If you read the whole article, you'll find lots of links for those assertions and criticisms.

This has some interesting stuff to say about it as well:

http://www.jpehs.co.uk/2013/12/03/br...female-brains/

There are also some really good academic responses, but I can't access them from home (the library license is only from on campus).

DanaC 01-13-2014 09:10 AM

This has been fun :) but I'm stepping out of this discussion. I am spending way too much time thinking about this, and not nearly enough time thinking about my thesis :P

Undertoad 01-13-2014 09:21 AM

Quote:

But this isn't just about the impact on girls. Think about what we tell our boys.
We tell them that they should be sitting quietly at a desk for eight hours at a time. When they find they can't easily do that, we tell them they are defective and give them drugs to help them accomplish it. Then, at the end of their secondary education, they go to college at a lower rate than the girls.

This is where we are now. I dunno if it's similar in Yorkshire.

It's weird this insistence on equality of outcome.
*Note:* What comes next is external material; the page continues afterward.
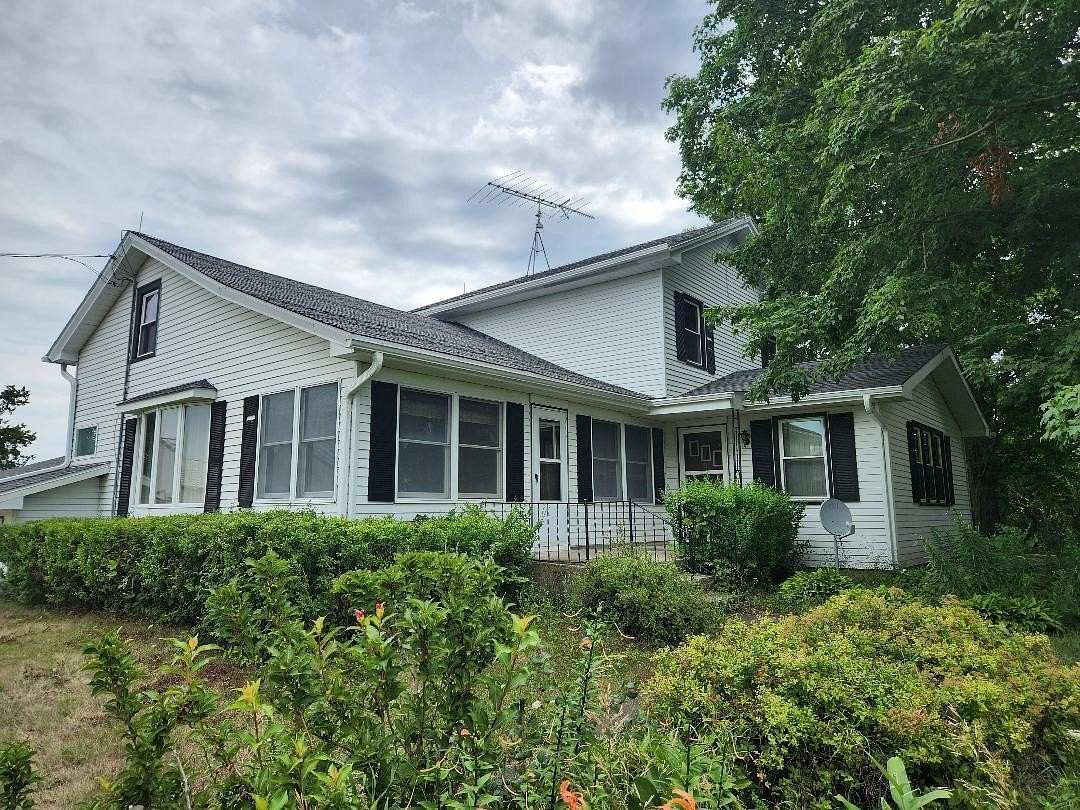 3 Acres of Land with Home for Sale in Milton, Wisconsin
From my experience it has been a mixed bag.

I graduated three decades ago with a comp sci degree, and over 1/3rds of comp sci majors were women. At that time, in education, there was deep concern that women weren't entering STEM fields. So girls were urged to enter those fields. Today 30 years later, 1/4 of comp sci majors are women.

Right. It went down. In an era when more women go to college, fewer of them go for comp sci. In an era when the M/F ratio in MED school is about 52/48, the ratio in comp sci dropped. In a huge way.

I believe this is a true M/F brain difference; I think it goes across cultures. It's not that girls can't do programming as well as boys. It's that they have preferences, and like many other preferences, they are established before birth. Before society even has a chance to get to them.

If there are brain differences, the worst thing we could do to boys and girls is tell them there are not. The best thing we could do is show that these differences exist and then to educate them about prejudice, discrimination, and stereotyping, so that any judging that happens works on an individual basis.

The WORST thing we could do is shoehorn people into professions they don't actually enjoy because we have decided that equality is the only thing that matters.

"The worst form of inequality is to try to make unequal things equal." - Aristotle

DanaC 01-13-2014 09:31 AM

Y'know, I could write an essay in response to that. The comp science bit especially. But I really, really don;t have time. I'd like to. But I have to be a bit strict with myself.

So I'll just say this:

I'm not saying there aren't differences. But here's the thing: are those differences because one has a boy brain and the other has a girl brain; or is that one has a type A brain and the other has a type C brain, and girls are more likely than boys to have a type C brain, and boys are more likely than girls to have a type A brain?

Because both those paths might lead to a broadly similar outcome, but they have very different implications.